Et c’est par la musique qu’ils vont s’imposer, car leur ADN matche parfaitement avec l’esprit mélodique des 80’s, boite à rythmes et synthé, paroles candides, mélange de fausse insouciance, d’onirisme adolescent, une sensualité émerveillée et sans complexe, auquel les deux compères vont ajouter une note d’humour, beaucoup de tendresse, un penchant pour le scabreux mêlé d’élégance, l’outrance naïve de deux gamins néo-baroques et heureux de l’être.
Instant de grâce
Et en coulisses, une méthode faussement fantaisiste, en fait aussi rigoureuse que bien rodée : une composition story-boardée en amont, avec force costumes chamarrés, accessoires théâtraux et décors patchworks, le tout alimenté par un goût certain pour la récup d’objets hétéroclites et de fripes déjantées. La photo obtenue est ensuite retouchée à la peinture, avec une minutie maniaque, un sens du détail chirurgical, une volonté de perspective marquée … bref un instant de grâce figé sur pellicule et dont les stars vont peiner à se défaire ensuite.
Car le style de Pierre et Gilles est d’une rare puissance, au point d’enfermer le musicien portraituré dans une perception iconique qu’il faut pouvoir assumer. On ne ressort pas indemne d’une séance avec ces deux coquins, leur confier une pochette d’album, une photo de promo, c’est forcément s’engager, passer un cap, se confronter à une facette de soi dont on ignorait tout (ou qu’on ne voulait pas voir), qui surgit soudain, par surprise et avec éclat dans une surenchère ô combien sensuelle.

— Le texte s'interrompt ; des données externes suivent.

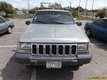 Jeep Grand Cherokee Laredo - Automatico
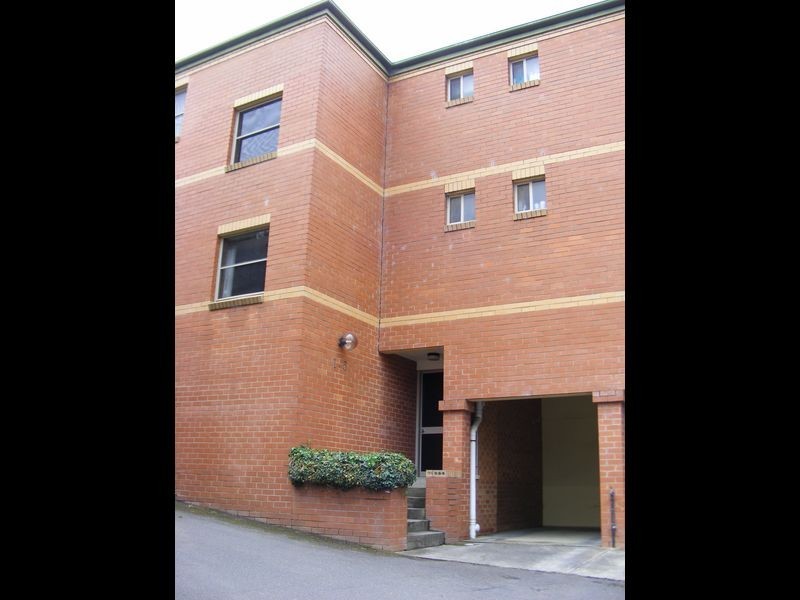 3/33 Ottiwell Street, Goulburn NSW 2580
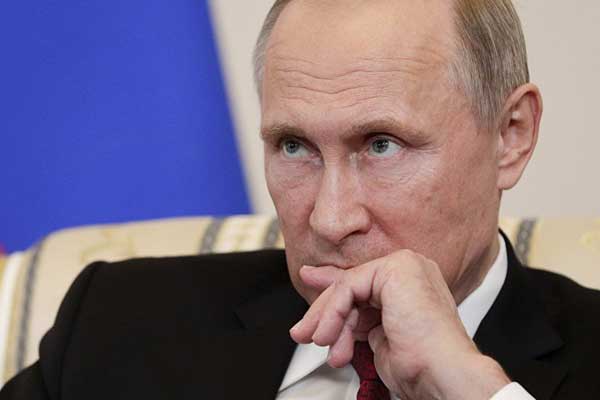Putin: Rus ekonomisi krizden çıktı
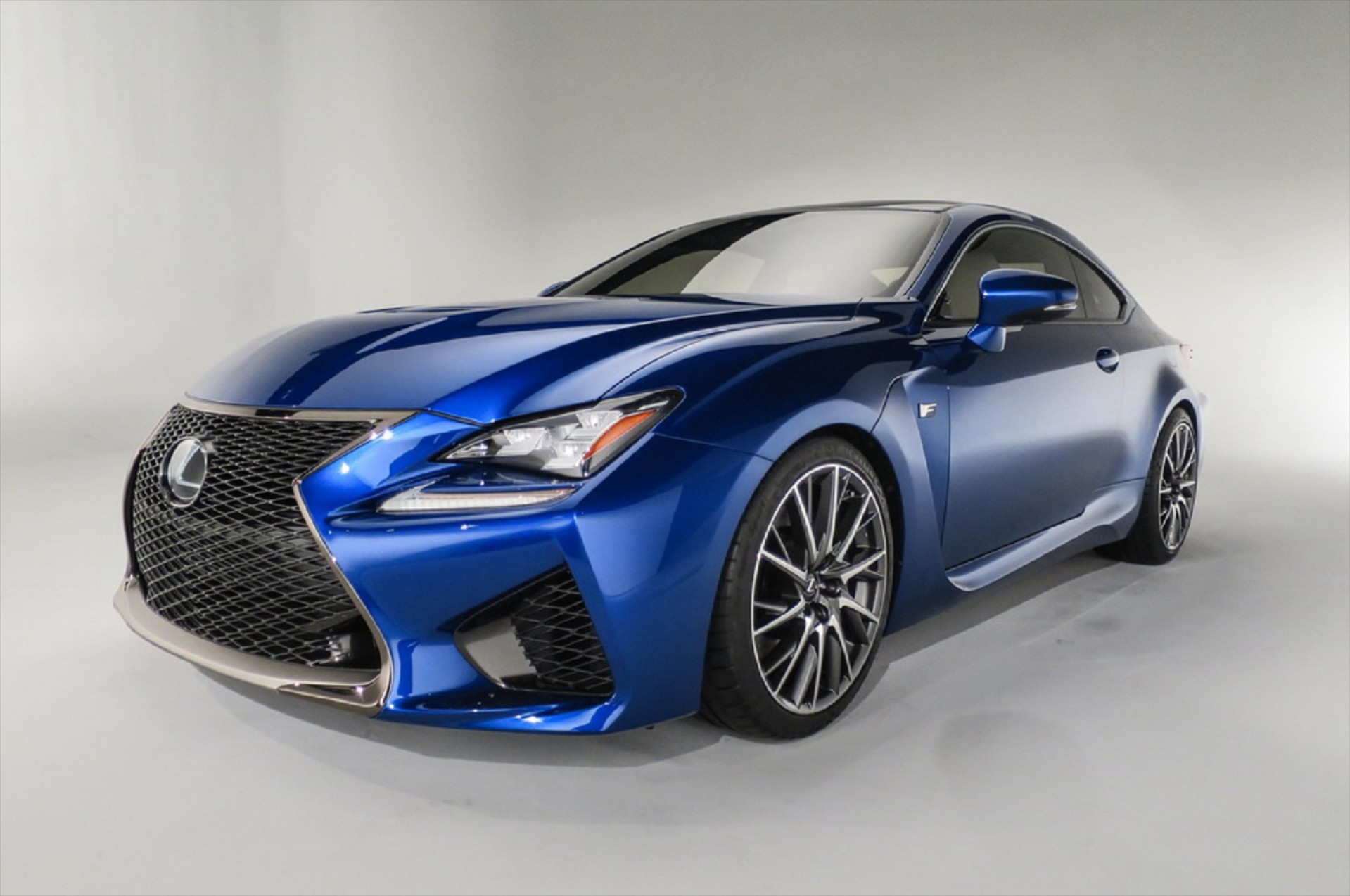 Lexus RC-F: Στο Detroit και αυτό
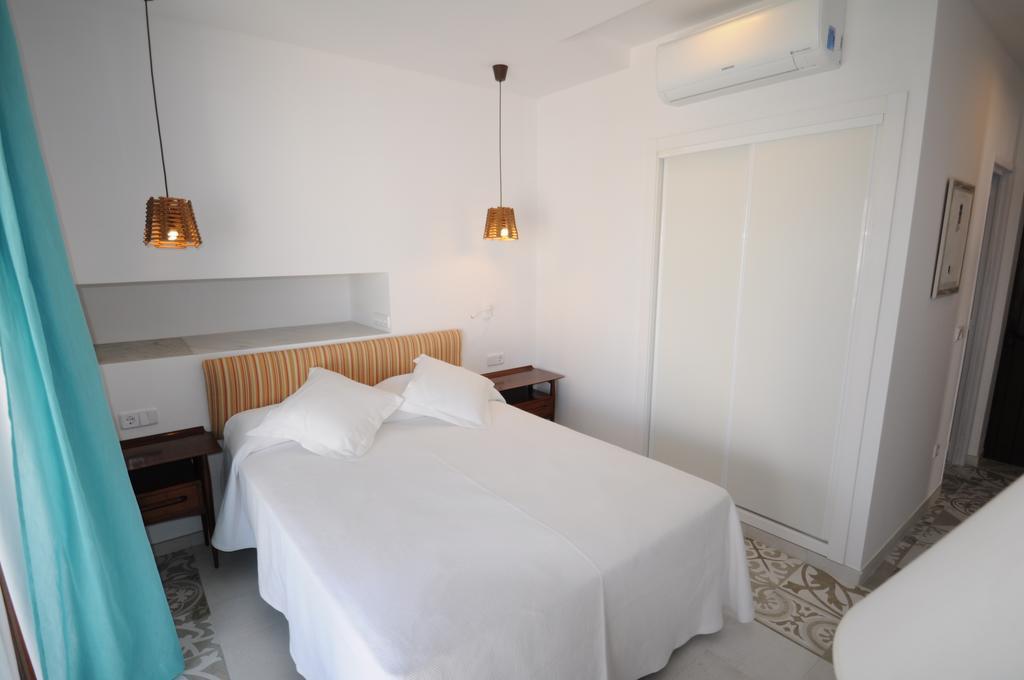 Sant Antoni de Portmany Chalet Torralba - Villa At Hotel Osiris מראה חיצוני תמונה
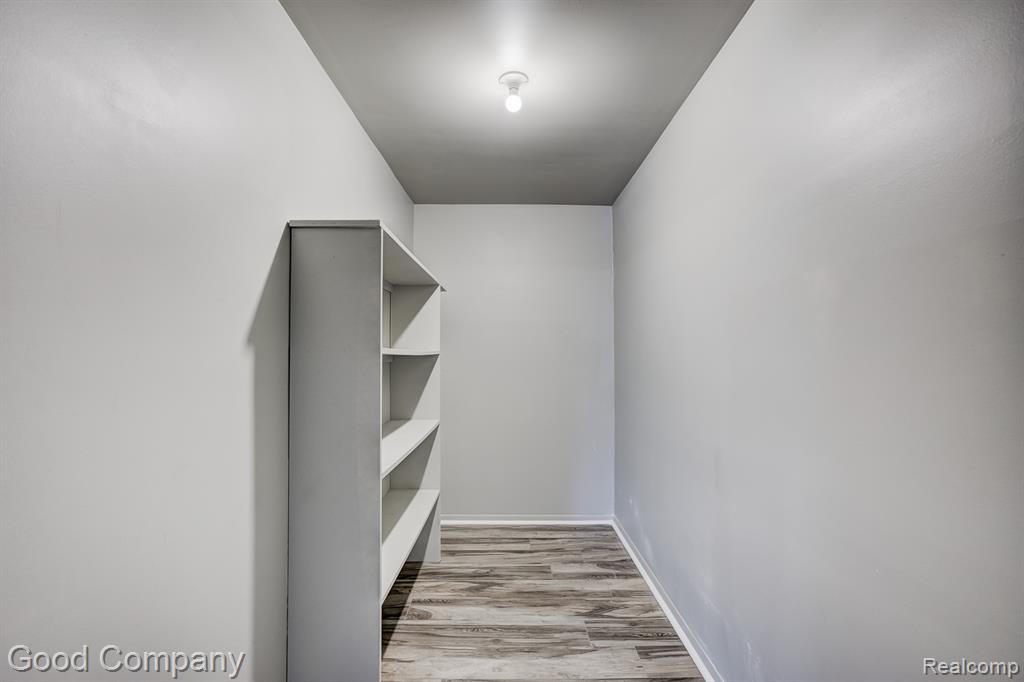 4363 Crooks Road, Royal Oak, MI 48073 — Photo 25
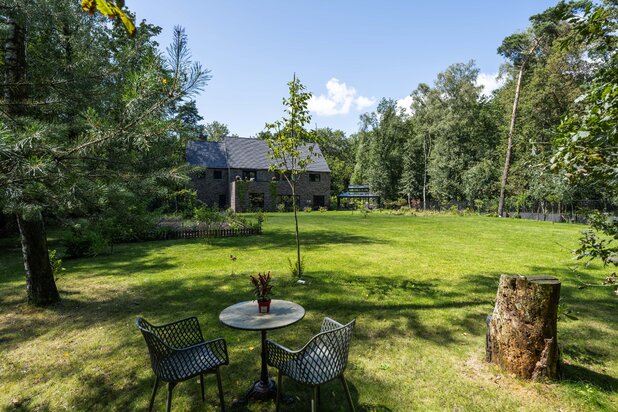 Eigenzinnige 'kasteel'villa over natuurgebied in Kapellen!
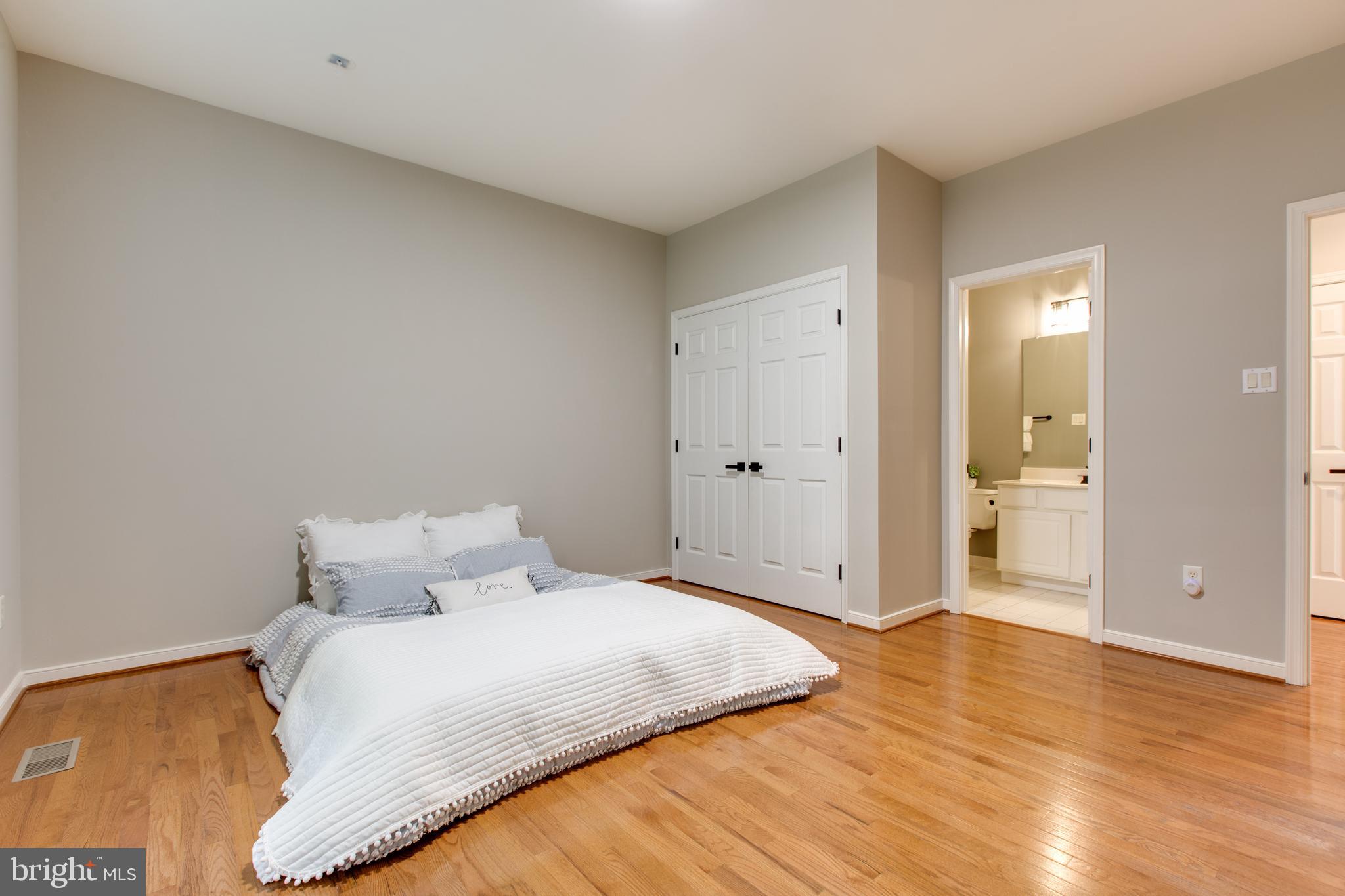 RIVER HILL - Residential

Ainsi capturé et mis en exergue, l’univers du chanteur, de ses mélodies, de ses textes explose avec une extravagance maniériste, dans l’esprit d’un Caravage qui aurait lâché le pinceau pour l’aérographe. Processus enclenché d’embellissement irréversible, portrait de Dorian Gray à rebours qui sublime le musicien autant que son œuvre. Impossible de revenir en arrière une fois le portrait finalisé et dévoilé au public, l’artiste offert comme un dieu adorable et sans défense.